Scusate
se sono un po' assente dai vostri blog, se non ho ancora risposto ai
vostri commenti e se sono così incostante, ma è stata un'altra settimana
densa, cominciata con una telefonata che mi riscuote dal sonno per
invitarmi a presentarmi a scuola "il prima possibile" perché il mio
contratto è stato prolungato fino al 5 dicembre e
conclusasi con il ritorno di un'amica storica, quelle che anche se vedi
di rado ti fa sempre piacere sentire ogni tanto, dopo un anno in
Australia. In mezzo, un gesto eroico o folle, a seconda di come lo
vogliate vedere: mi sono licenziata per essere presente alla laurea del
mio migliore amico.
Qualche
necessario chiarimento: il mio contratto non aveva possibilità di
essere ulteriormente rinnovato perché dal primo dicembre nelle scuole
pubbliche saranno in servizio gli ultimi immessi in ruolo, assunti senza
che ci fosse una cattedra per loro ma come "tappabuchi", cioè con
l'obbligo di starsene in sala insegnanti ad aspettare una supplenza
oraria, una sostituzione di un paio di giorni o un ragazzino che ha
bisogno del sostegno.
Una situazione paradossale per cui una collega di trentanove anni che
da precaria insegna inglese ora si ritrova a fare la riserva, benché di
ruolo. Fatto sta che questi neo-assunti hanno (giustamente) la
precedenza su di me, quindi ammesso che la prof che sostituisco decida
di prolungare la sua malattia, io dovrei comunque lasciare spazio a chi
ha più titoli di me, perciò nella più rosea delle ipotesi avrei potuto
al massimo lavorare fino alla fine della prossima settimana.
Punto
secondo: i supplenti a tempo determinato non hanno diritto a nulla,
neppure alla malattia.
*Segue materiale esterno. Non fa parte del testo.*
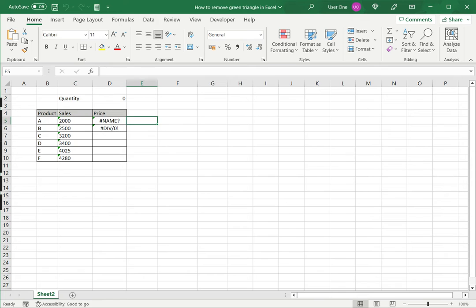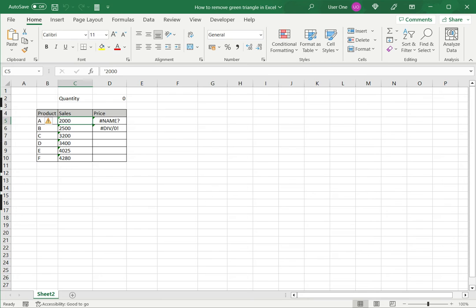In some cases this is a useful feature because there could be potential errors in the cell, but in some cases this may not be the case. For example, in this case I do want the number stored as text so I would like to remove the green triangle.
Il che significa che se ti ammali e devo
necessariamente stare a casa il tuo contratto viene automaticamente
estinto e può, tutt'al più, essere rinnovato a partire dal giorno in cui
ritorni in servizio, perciò ferie non pagate e con la possibilità di
essere licenziati perché si ha avuto l'ardire di prendersi
un'influenza.
Punto
terzo: il 4 dicembre parto per un viaggio con il mio fidanzato, S. e il
suo fidanzato, è il regalo che i fidanzati hanno fatto a me e alla mia
amica per la laurea. Stiamo via per il ponte, nella città che più amo al
mondo, ed abbiamo già prenotato un sacco di cose bellissime.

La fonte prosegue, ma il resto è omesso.